Manautou: It definitely opened up invitations. Most of the highly recognized toxicology programs in the nation issued invitations to visit their institutions, allowing me to expand my network of colleagues and collaborators and people that were aware of my work. That certainly contributed to my ability to reach out and visit other places and to develop long-lasting relationships and friendships within toxicology—whether collaborative or just a network of people that support what you do and people that know who you are. Some of these people sit on study sections and other influential scientific panels and are aware of your work. There’s a lot to gain from interactions and what the award really did for me in terms of visibility and name recognition.

Donna D. ZhangZhang: The award definitely enhanced my reputation in the toxicology field. Being recognized by SOT for this award was really helpful because whenever people are talking about Nr2, they think about me. The award certainly made me more known to toxicologists for my contributions to the Nrf2 and arsenic fields.

 

Is this recognition in the field what makes the Achievement Award so valuable?

Zhang: Yes, 100 percent. It is really helpful for people at an early stage to get this award and be recognized for their research by the Society. This really promotes career development. It only took me eight years to become a full professor, and the award certainly helped.

Laskin: Absolutely! It also provides affirmation that the work you are doing is important, that you’ve make significant contributions to toxicology, and that it has impact that will guide the future of mechanistic toxicology. In this context, I think it is one of the most important awards that SOT gives.

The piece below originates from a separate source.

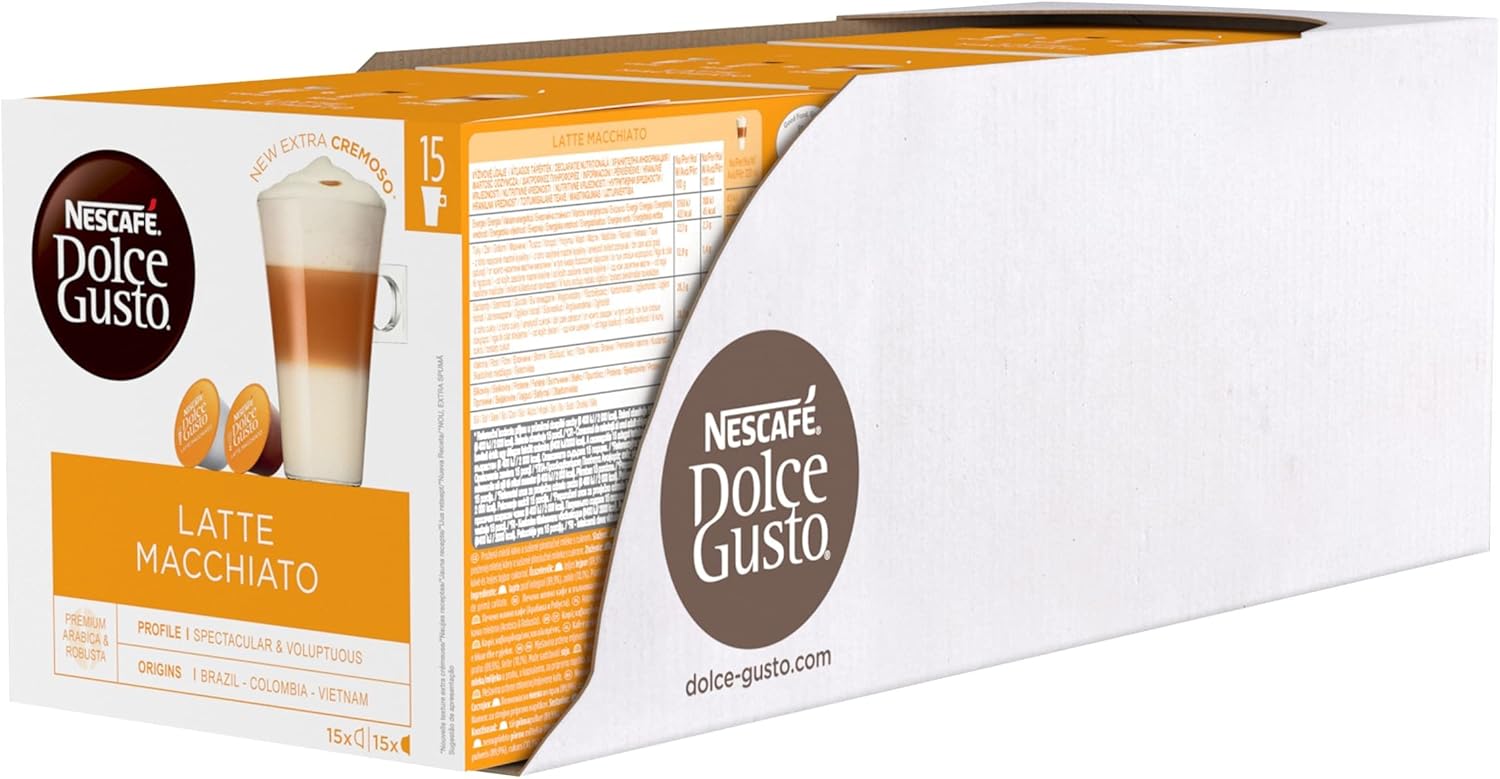 NESCAFÉ Dolce Gusto Latte Macchiato Coffee Pods (Pack of 3, 90 Capsules) 6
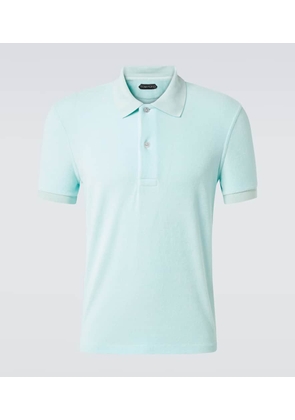 Tom Ford Cotton-blend terry polo shirt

Manautou: It was an affirmation of my mission and what I was doing. It was a confirmation that I was basically on the right track and that what I was doing was worthwhile. Some people see these awards and distinctions as compensation for their efforts, but to me, it just went beyond that. I saw it as an affirmation that I was doing what I was meant to do all along.

 

Looking back on your careers prior to and since receiving the SOT Achievement Award, what advice do you have for today’s early career scientists and students?

Laskin: Be persistent. Don’t be afraid to talk to more senior scientists about your research; not only is it important to get feedback, but also to convincingly argue the merits of your work. It’s also important to network, develop collaborations, and identify mentors. I spend a lot of time mentoring now and making sure junior scientists are not just working in relevant and impactful areas of research, but also going to meetings, interacting with scientists, and applying for awards. This is the best part of my job right now.

Zhang: Do not just do excellent scientific research and find your niche in toxicology. It also is crucial to network and communicate with other scientists. Do not just hide in the lab, doing your own research, but collaborate with other people.

Manautou: You need a support system. Sure, you have to have the drive, the determination, and the desire to be a scientist, but we all need a support system. In my case, it’s a combination of my institution and my home scientific society, which is SOT. I started my involvement with SOT as a postdoc. I have grown with the Society. It has been my support system. It has allowed me to develop friendships that are literally lasting a lifetime. It has been extremely instrumental to my scientific development and my scientific growth. In great part, I owe my professional world to SOT. The Society has a lot to offer and remaining engaged is a key to professional development.